Sunday, March 8, 2009

Municipalities: The Growing Black Hole for Taxpayers' Money

Canada's municipal governments collectively employ more people than either the federal government (including the military) or the total of all of the provincial and territorial governments. Over the last four years, their work forces have expanded faster than any other level of government as well as faster than total employment in all of Canada's schools, universities, and health and social welfare institutions.

If municipalities have their way, they will gain access to more sources of taxpayers' money (Toronto is leading the charge on this front) and have control over a much larger percentage of total public spending.

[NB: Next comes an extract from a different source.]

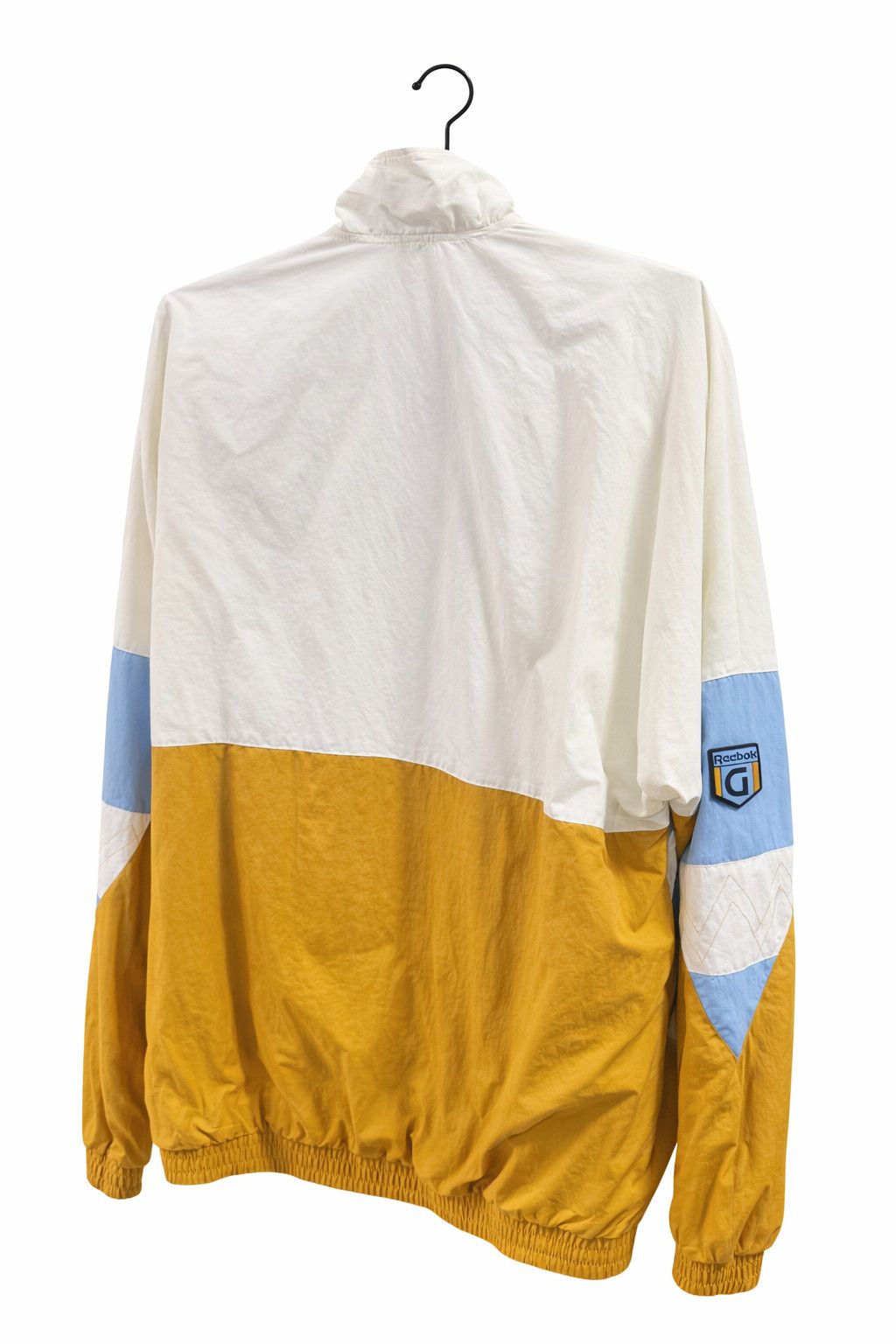 Reebok Reebok x Gigi Hadid Colorblock Windbreaker Jacket S Size S / US 4 / IT 40 - 4 Thumbnail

For taxpayers, this is bad news.

Organizations that help keep taxpayers informed of what goes on inside of the federal and provincial governments, such as Offices of the Auditor General, are generally not part of municipal government. Similarly, access to information offices tend not to be a feature of the municipal landscape, nor do well-established taxpayer activist groups (e.g. The Canadian Taxpayer Federation) spend much time on municipal issues.

In addition, the municipal political process is not favourable to taxpayers. Organized political parties are typically not found in municipal governments. Consequently, there is little criticism or scrutiny within city councils of what is happening within a city. Indeed, city councillors too often play the role of ward boss - "I'll vote for project A that spends taxpayer money in your ward if you vote for project B that spends taxpayer money in my ward". The greater interest of all taxpayers in keeping taxes low and having their city run efficiently is not part of the ward boss operating environment.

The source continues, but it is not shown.